>>>

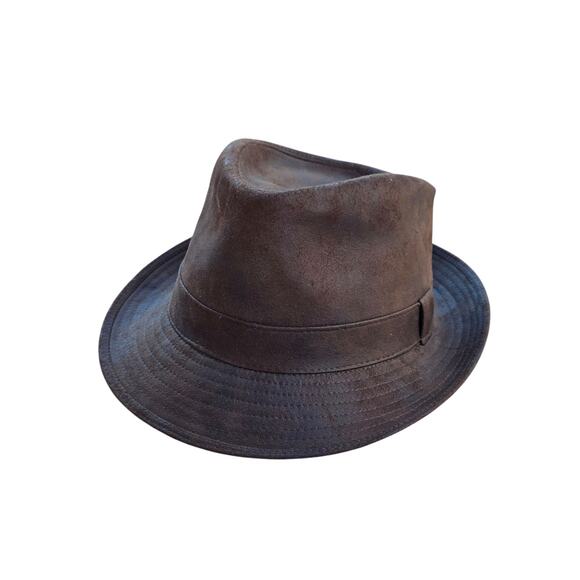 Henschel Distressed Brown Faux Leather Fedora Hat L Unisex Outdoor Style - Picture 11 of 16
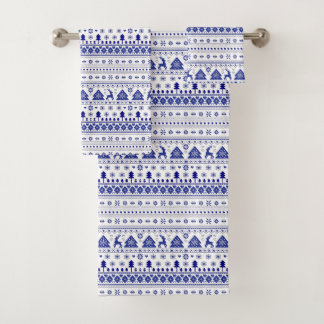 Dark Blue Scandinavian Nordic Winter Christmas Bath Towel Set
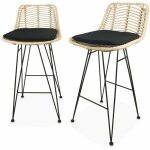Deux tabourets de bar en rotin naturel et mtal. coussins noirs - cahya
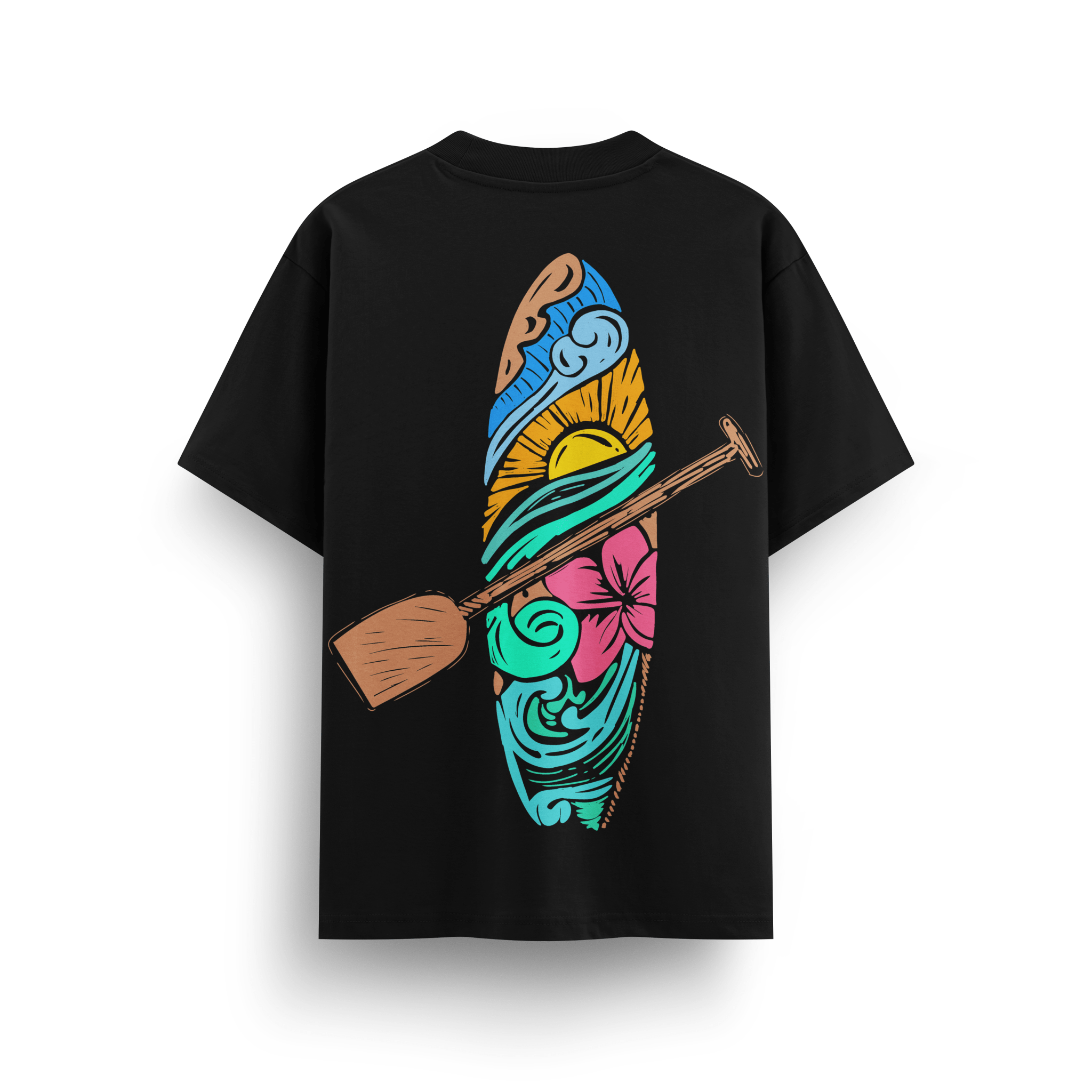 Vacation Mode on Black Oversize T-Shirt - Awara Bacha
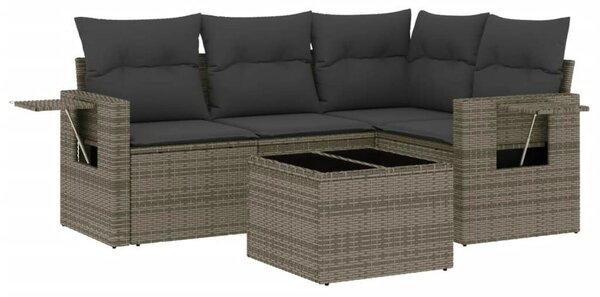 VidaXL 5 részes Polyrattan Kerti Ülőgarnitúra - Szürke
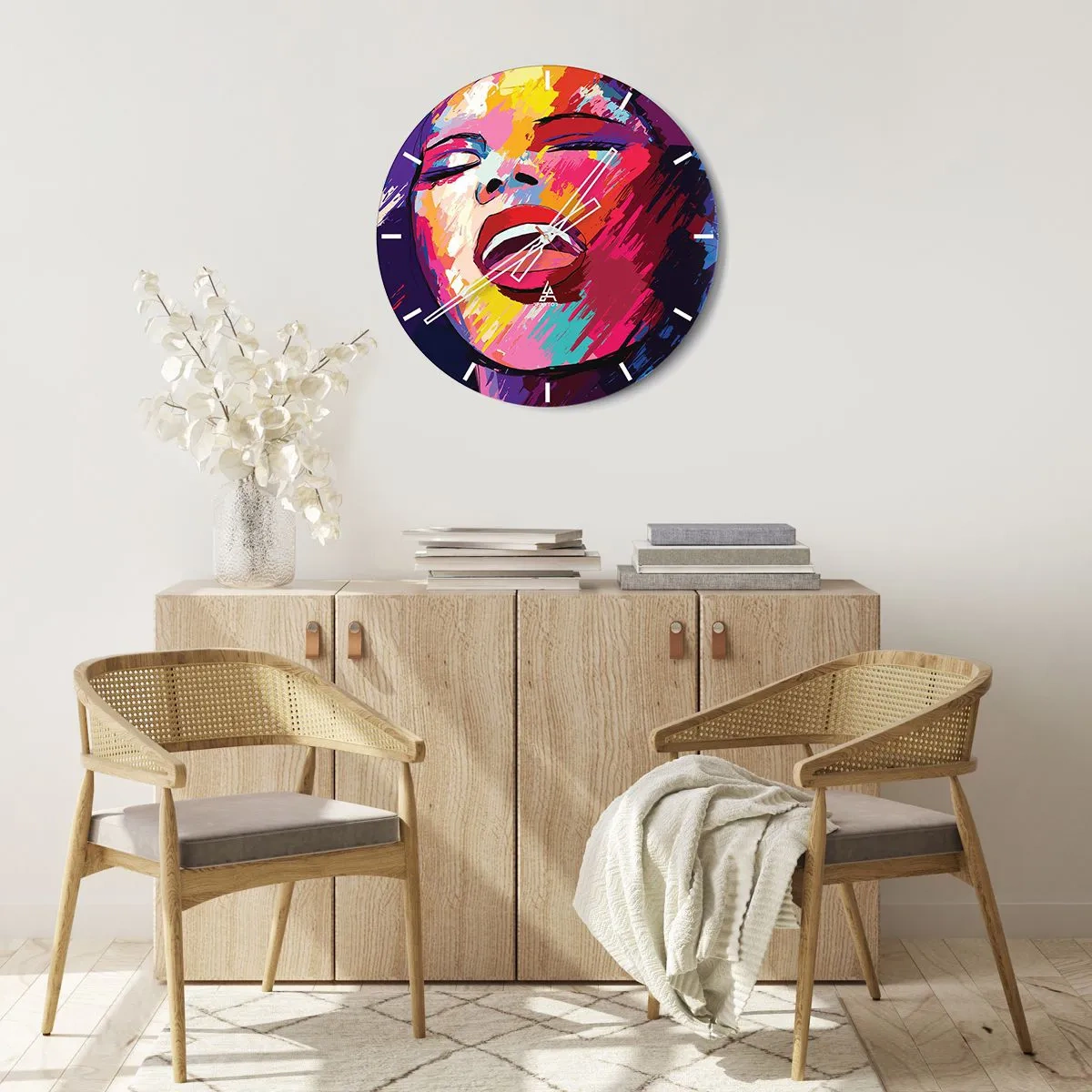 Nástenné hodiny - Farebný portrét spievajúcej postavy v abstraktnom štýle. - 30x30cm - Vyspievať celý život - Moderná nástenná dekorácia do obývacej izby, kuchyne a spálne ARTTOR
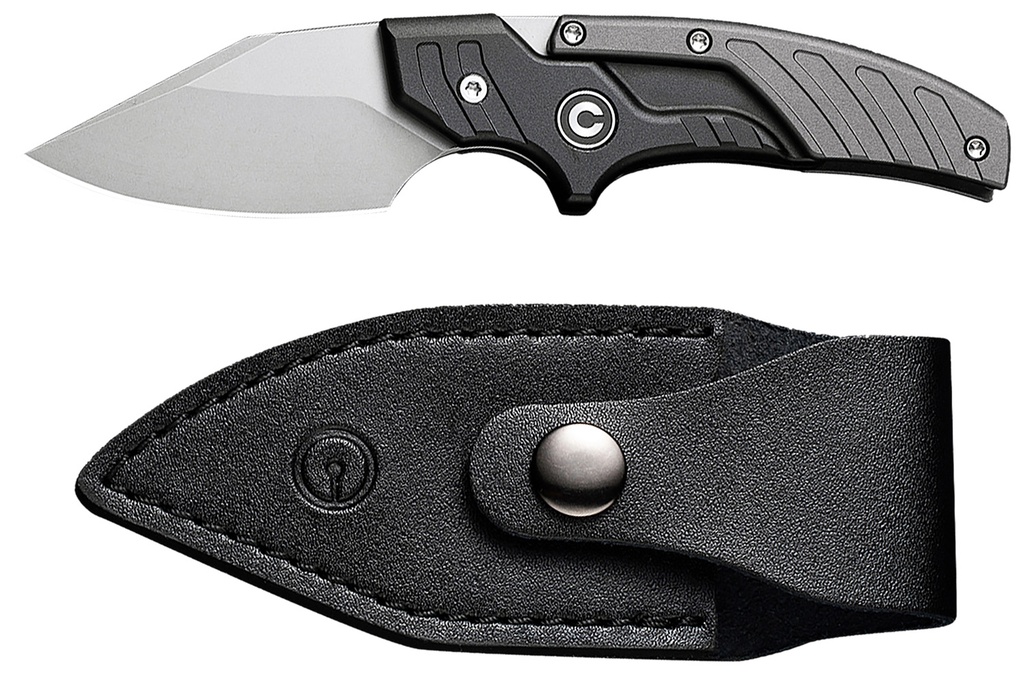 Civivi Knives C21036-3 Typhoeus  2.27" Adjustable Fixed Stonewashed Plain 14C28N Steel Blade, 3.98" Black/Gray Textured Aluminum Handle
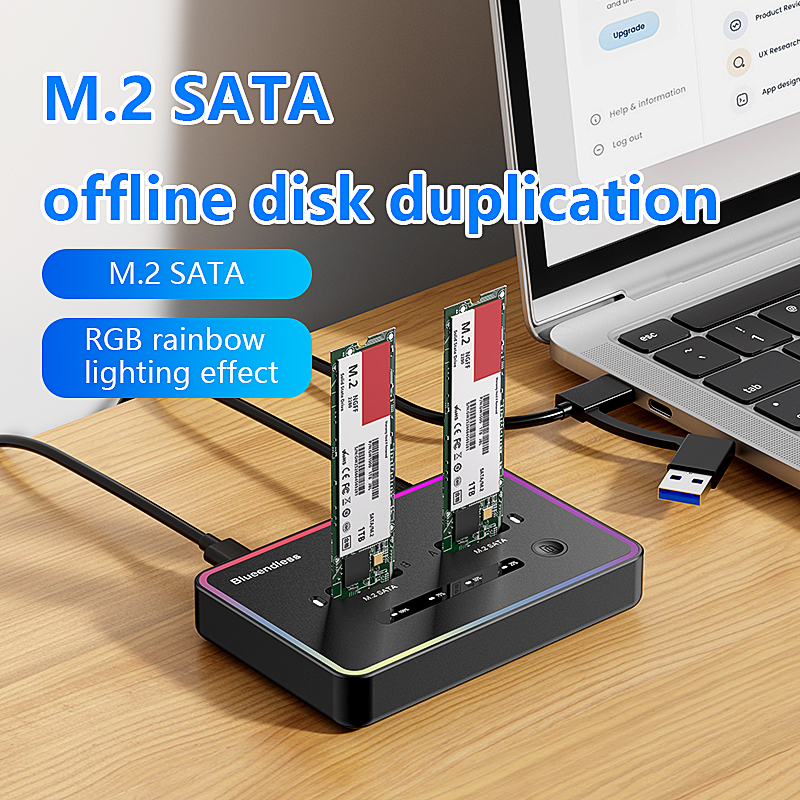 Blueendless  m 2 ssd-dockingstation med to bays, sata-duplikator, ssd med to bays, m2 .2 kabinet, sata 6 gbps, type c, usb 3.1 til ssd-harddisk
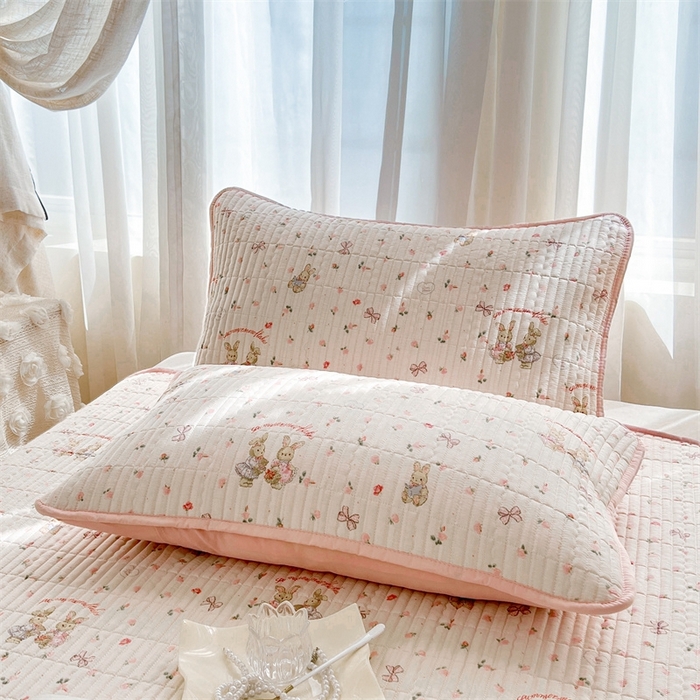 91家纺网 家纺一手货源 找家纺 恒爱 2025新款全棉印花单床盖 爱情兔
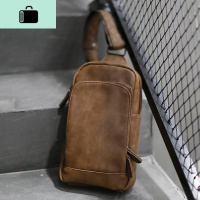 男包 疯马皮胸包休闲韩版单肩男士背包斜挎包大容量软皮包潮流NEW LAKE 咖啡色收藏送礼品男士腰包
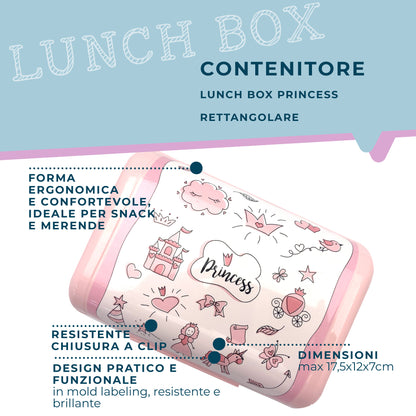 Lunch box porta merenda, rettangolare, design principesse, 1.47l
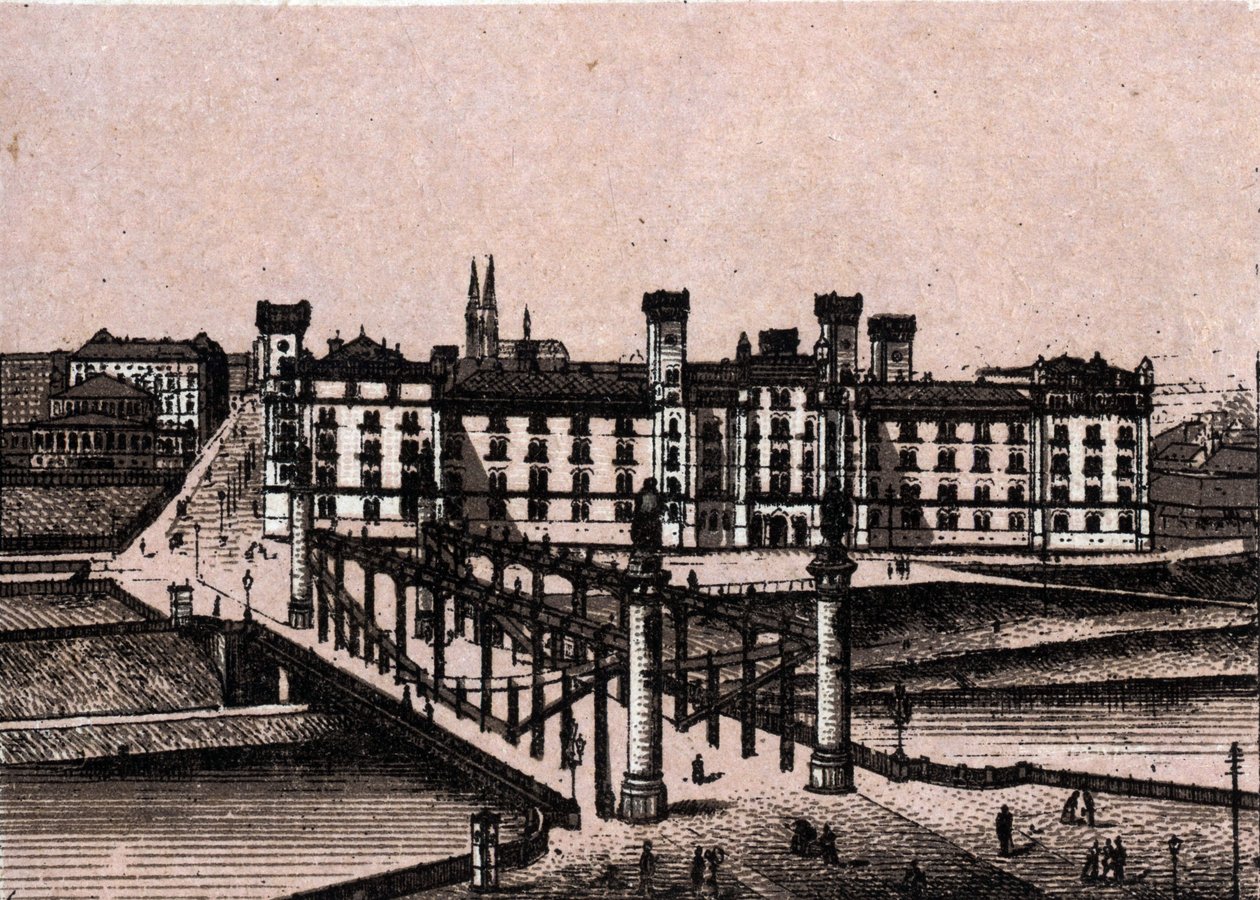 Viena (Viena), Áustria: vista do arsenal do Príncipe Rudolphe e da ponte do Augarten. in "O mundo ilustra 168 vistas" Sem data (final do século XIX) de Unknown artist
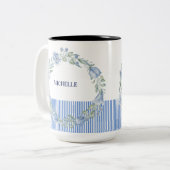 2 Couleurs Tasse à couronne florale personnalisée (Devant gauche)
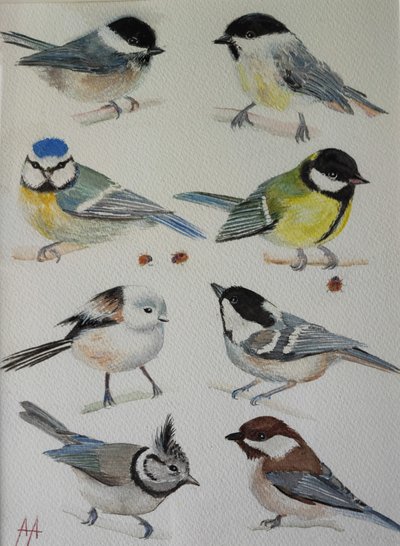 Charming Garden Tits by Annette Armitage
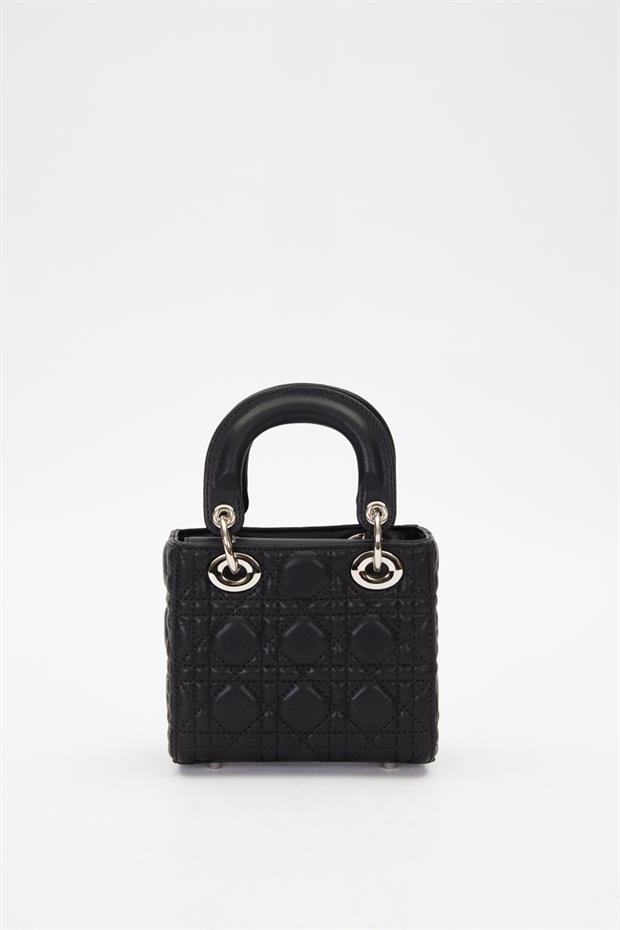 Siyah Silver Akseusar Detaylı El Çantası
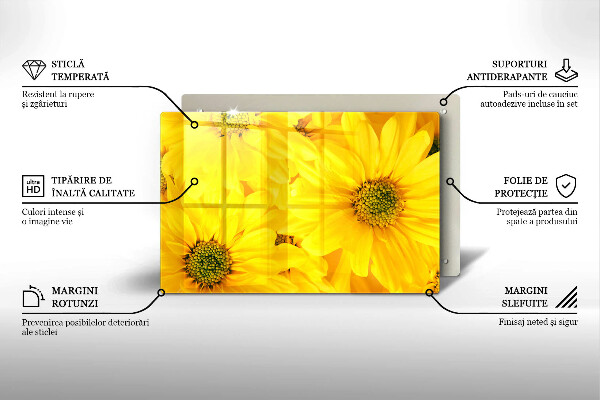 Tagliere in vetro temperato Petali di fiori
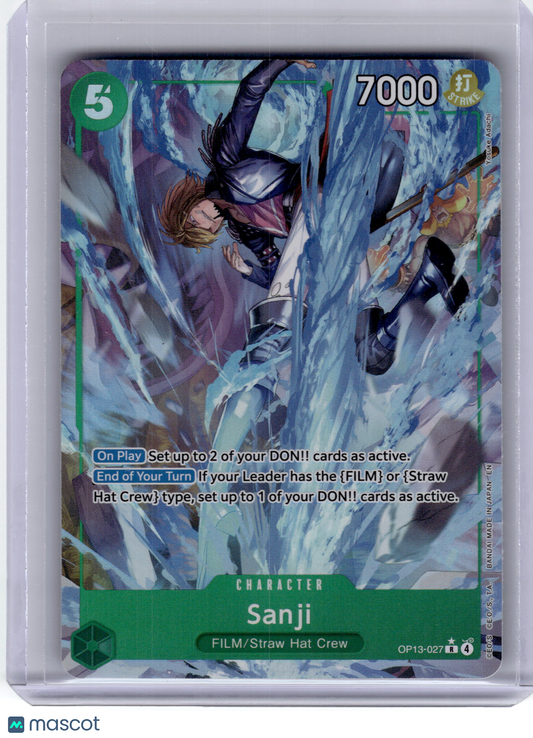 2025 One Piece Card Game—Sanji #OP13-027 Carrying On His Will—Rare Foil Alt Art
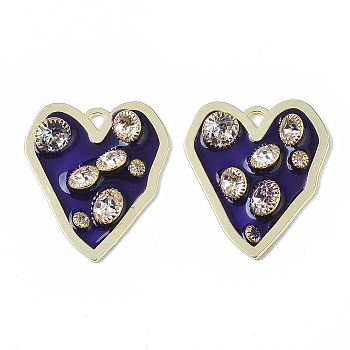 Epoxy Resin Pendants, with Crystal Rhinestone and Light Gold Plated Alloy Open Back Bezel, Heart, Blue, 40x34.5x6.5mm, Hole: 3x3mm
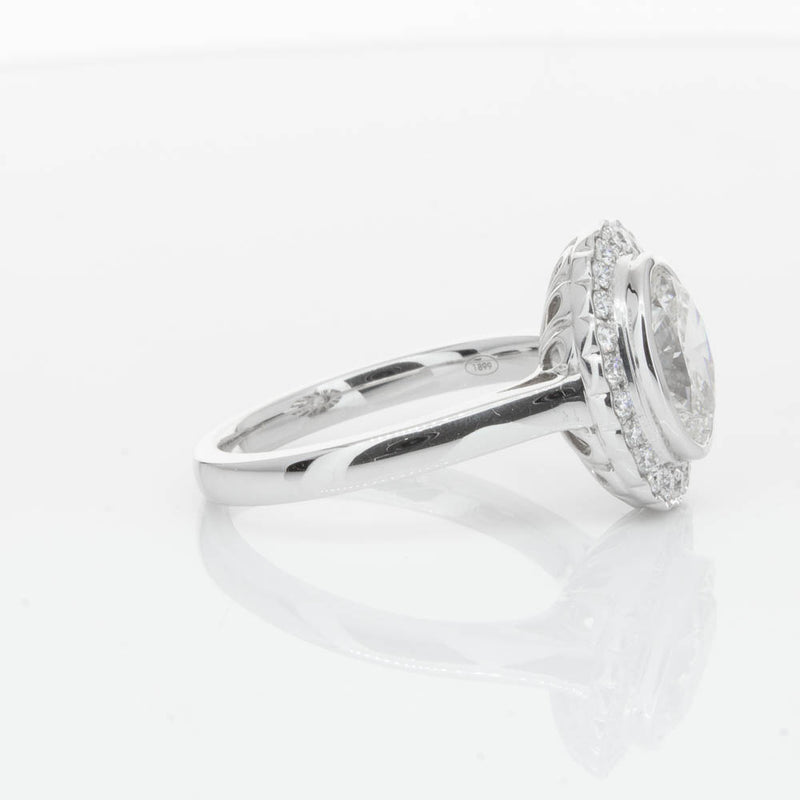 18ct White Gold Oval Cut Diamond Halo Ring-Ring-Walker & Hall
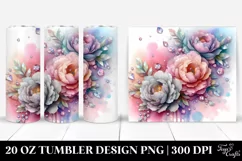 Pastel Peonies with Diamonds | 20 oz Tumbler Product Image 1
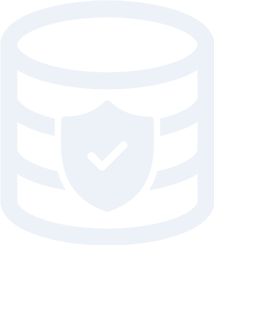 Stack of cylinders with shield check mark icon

<<<

## Exercise
Leave every picture out, and transcribe the data above exactly as it reads.

## Your response
 Henschel Distressed Brown Faux Leather Fedora Hat L Unisex Outdoor Style - Picture 11 of 16
 Dark Blue Scandinavian Nordic Winter Christmas Bath Towel Set
Deux tabourets de bar en rotin naturel et mtal. coussins noirs - cahya
 Vacation Mode on Black Oversize T-Shirt - Awara Bacha
 VidaXL 5 részes Polyrattan Kerti Ülőgarnitúra - Szürke
 Nástenné hodiny - Farebný portrét spievajúcej postavy v abstraktnom štýle. - 30x30cm - Vyspievať celý život - Moderná nástenná dekorácia do obývacej izby, kuchyne a spálne ARTTOR
 Civivi Knives C21036-3 Typhoeus  2.27" Adjustable Fixed Stonewashed Plain 14C28N Steel Blade, 3.98" Black/Gray Textured Aluminum Handle
 Blueendless  m 2 ssd-dockingstation med to bays, sata-duplikator, ssd med to bays, m2 .2 kabinet, sata 6 gbps, type c, usb 3.1 til ssd-harddisk
 91家纺网 家纺一手货源 找家纺 恒爱 2025新款全棉印花单床盖 爱情兔
 男包 疯马皮胸包休闲韩版单肩男士背包斜挎包大容量软皮包潮流NEW LAKE 咖啡色收藏送礼品男士腰包
 Lunch box porta merenda, rettangolare, design principesse, 1.47l
 Viena (Viena), Áustria: vista do arsenal do Príncipe Rudolphe e da ponte do Augarten. in "O mundo ilustra 168 vistas" Sem data (final do século XIX) de Unknown artist
 2 Couleurs Tasse à couronne florale personnalisée (Devant gauche)
 Charming Garden Tits by Annette Armitage
 Siyah Silver Akseusar Detaylı El Çantası
 Tagliere in vetro temperato Petali di fiori
 2025 One Piece Card Game—Sanji #OP13-027 Carrying On His Will—Rare Foil Alt Art
 Epoxy Resin Pendants, with Crystal Rhinestone and Light Gold Plated Alloy Open Back Bezel, Heart, Blue, 40x34.5x6.5mm, Hole: 3x3mm
 18ct White Gold Oval Cut Diamond Halo Ring-Ring-Walker & Hall
 Pastel Peonies with Diamonds | 20 oz Tumbler Product Image 1
 Stack of cylinders with shield check mark icon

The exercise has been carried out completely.